Lecture Content：

This lecture will focus on combinatorial geometry theorems concerning finite point sets. It will center on proving the existence of small subsets such that, when enclosed by a convex shape (e.g., a ball), a significant proportion of the entire point set is also guaranteed to be captured within that shape.

Speaker Introduction:

mre Bárány is an Academician of the Hungarian Academy of Sciences. His research expertise encompasses discrete geometry, convexity theory, combinatorics, random polytopes, lattice polytopes, and algebraic topology, with additional focus on their applications in computer science, programming, operations research, and game theory. He has made seminal contributions across these domains and is globally esteemed as one of the preeminent scholars advancing the integration of theoretical research in discrete geometry with real-world applications.

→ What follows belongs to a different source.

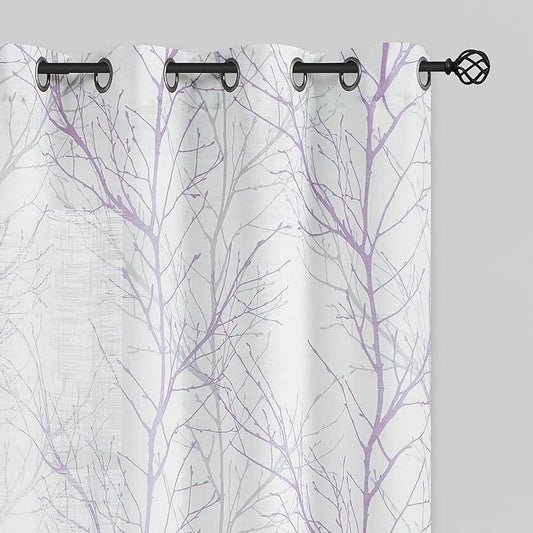 FMFUNCTEX Linen Semi Sheer Curtains for Bedroom, Lilac White Curtains 63 Inches Long for Living Room, Grey Tree Branch Patterned Curtain Light Filtering Farmhouse Window Drapes, Grommet Top 2 Panels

Prof. Bárány has been invited to deliver plenary addresses at numerous prestigious international conferences, notably including a 45-minute invited lecture at the 2002 International Congress of Mathematicians (ICM). His scholarly achievements have been recognized with distinguished honors such as the Rényi Prize (1988), the Prize of the Hungarian Academy of Sciences (1994), the Award of the Hungarian Academy of Sciences (1998), and the Széchényi Prize (2016). He has also led a European Advanced Research Project and published over 180 papers in leading international mathematics journals, including Advances in Mathematics, Mathematische Annalen, and Proceedings of the London Mathematical Society.